------ DATA IN THIS EXERCISE

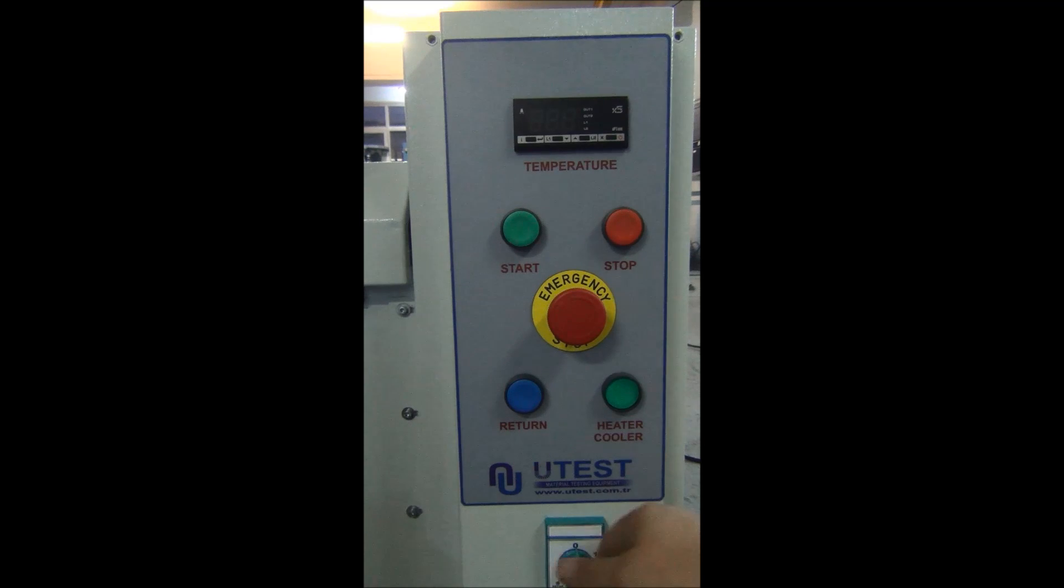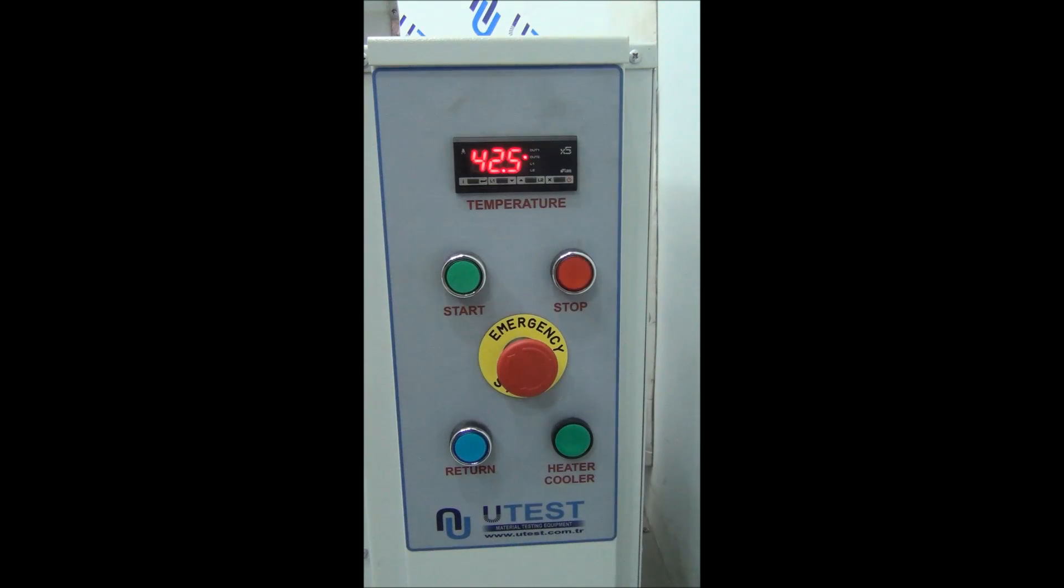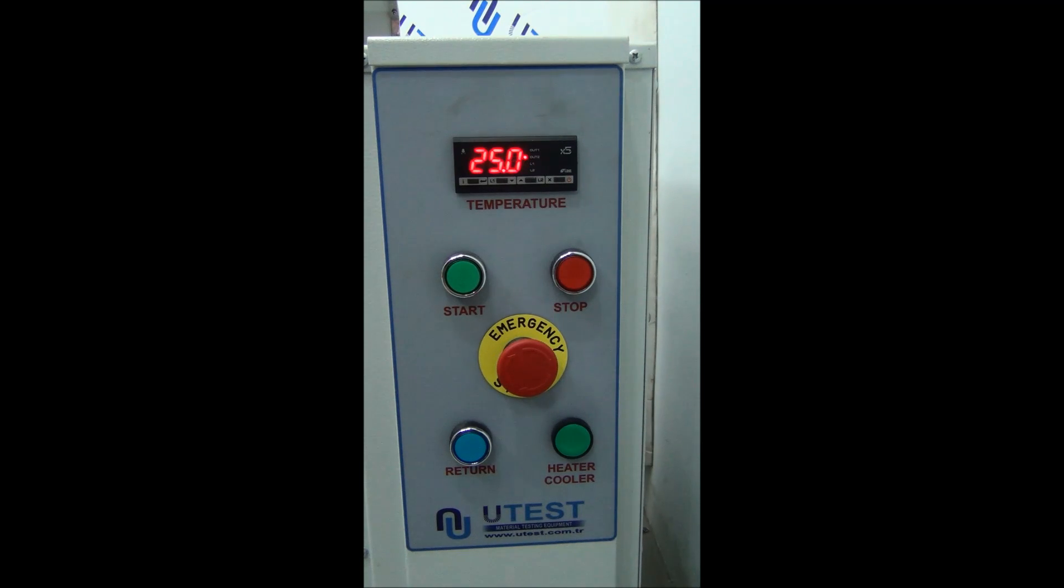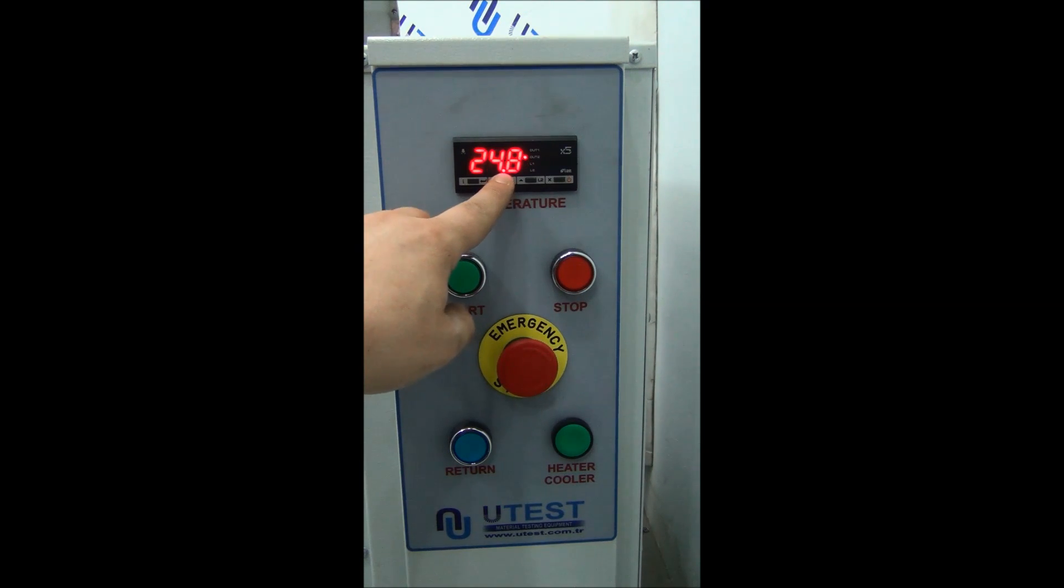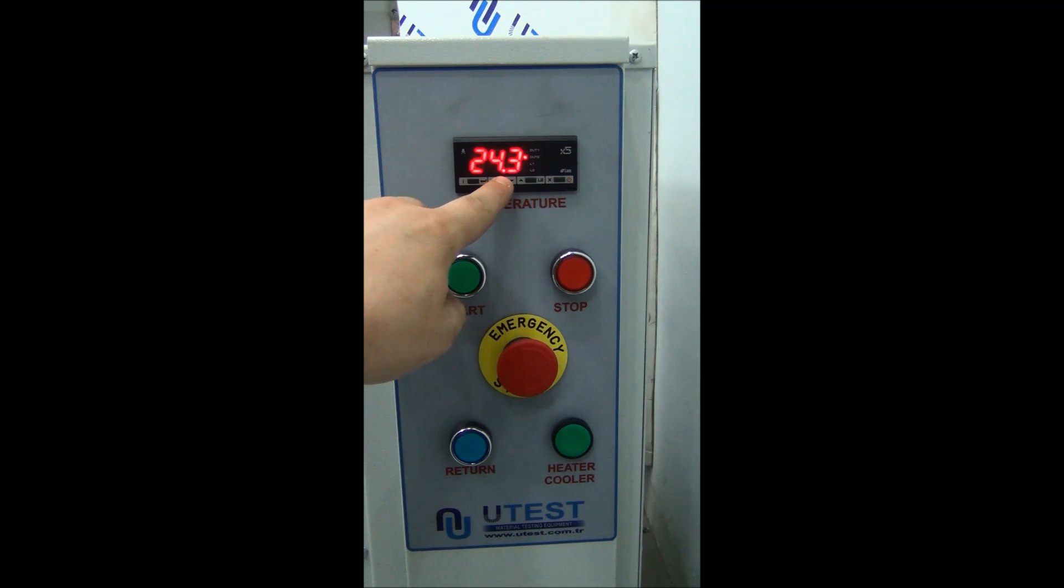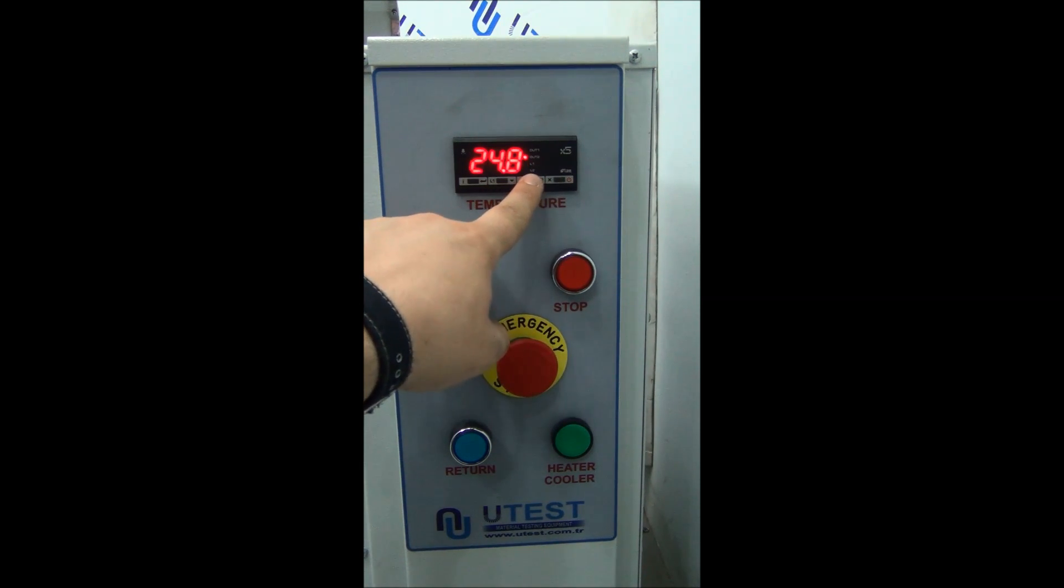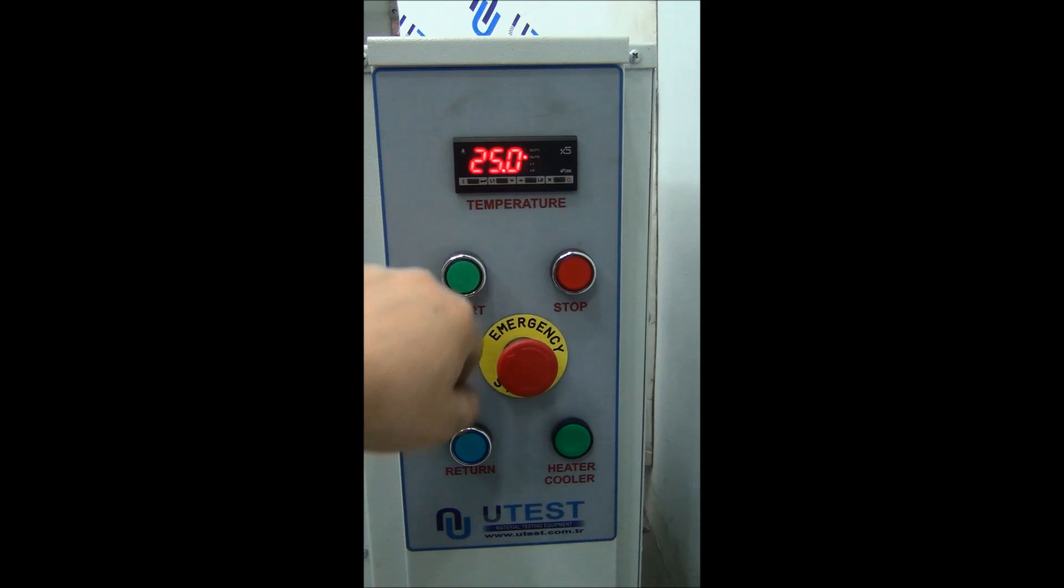Switch on the device and set the water temperature to 25 Celsius. To set the temperature, press down button on the controller and increase or decrease the temperature by pressing up or down buttons.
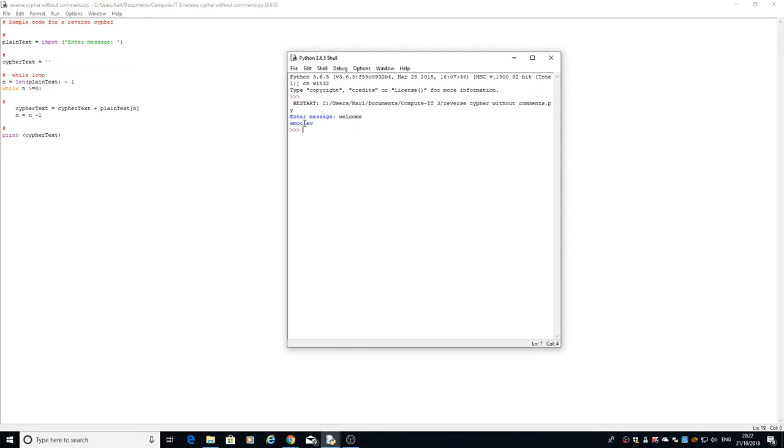It's gone through backwards and put the e, the m, the o, the c, the l, e, and the w. It's reversed it. So that's our first one we've done. All we've done now is we've done a reverse cipher.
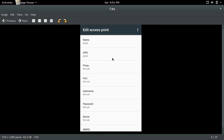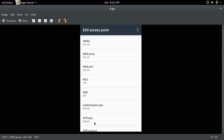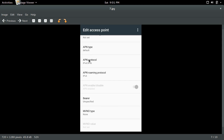Then create a New Access Point. For Name, you can give any name. APN should be JioNet. MCC 405, MNC 862. APN Type: Default. APN Protocol: IPv4 or IPv6. APN Roaming Protocol: IPv4.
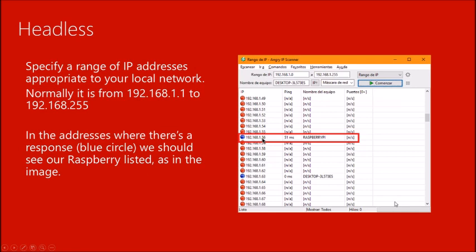After the scan completes, you'll see some entries in red and some in blue. The blue ones are devices that answered the scan. Among them you'll find the Raspberry Pi listed with its IP address and the hostname 'raspberrypi'. Copy this number and write it down in order to connect.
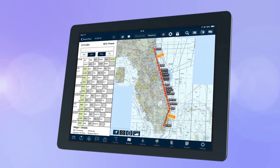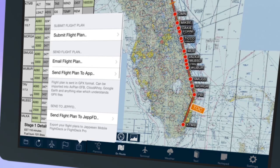Once you have completed and submitted your flight plan, tap the send icon below the flight plan. From the list that appears, select the flight plan to JAPFD option.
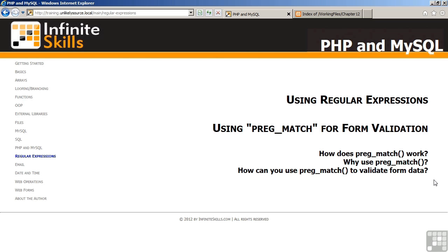This lesson discusses using pRegMatch for form validation. The topics include: how does pRegMatch work? Why use pRegMatch? And how can you use pRegMatch to validate form data?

------------

YOUR INSTRUCTIONS:
Print the listing above in full, exactly as written. Omit any pictures.

RESULT OF THIS TASK:
Switch on the device and set the water temperature to 25 Celsius. To set the temperature, press down button on the controller and increase or decrease the temperature by pressing up or down buttons.
It's gone through backwards and put the e, the m, the o, the c, the l, e, and the w. It's reversed it. So that's our first one we've done. All we've done now is we've done a reverse cipher.
Then create a New Access Point. For Name, you can give any name. APN should be JioNet. MCC 405, MNC 862. APN Type: Default. APN Protocol: IPv4 or IPv6. APN Roaming Protocol: IPv4.
After the scan completes, you'll see some entries in red and some in blue. The blue ones are devices that answered the scan. Among them you'll find the Raspberry Pi listed with its IP address and the hostname 'raspberrypi'. Copy this number and write it down in order to connect.
Once you have completed and submitted your flight plan, tap the send icon below the flight plan. From the list that appears, select the flight plan to JAPFD option.
This lesson discusses using pRegMatch for form validation. The topics include: how does pRegMatch work? Why use pRegMatch? And how can you use pRegMatch to validate form data?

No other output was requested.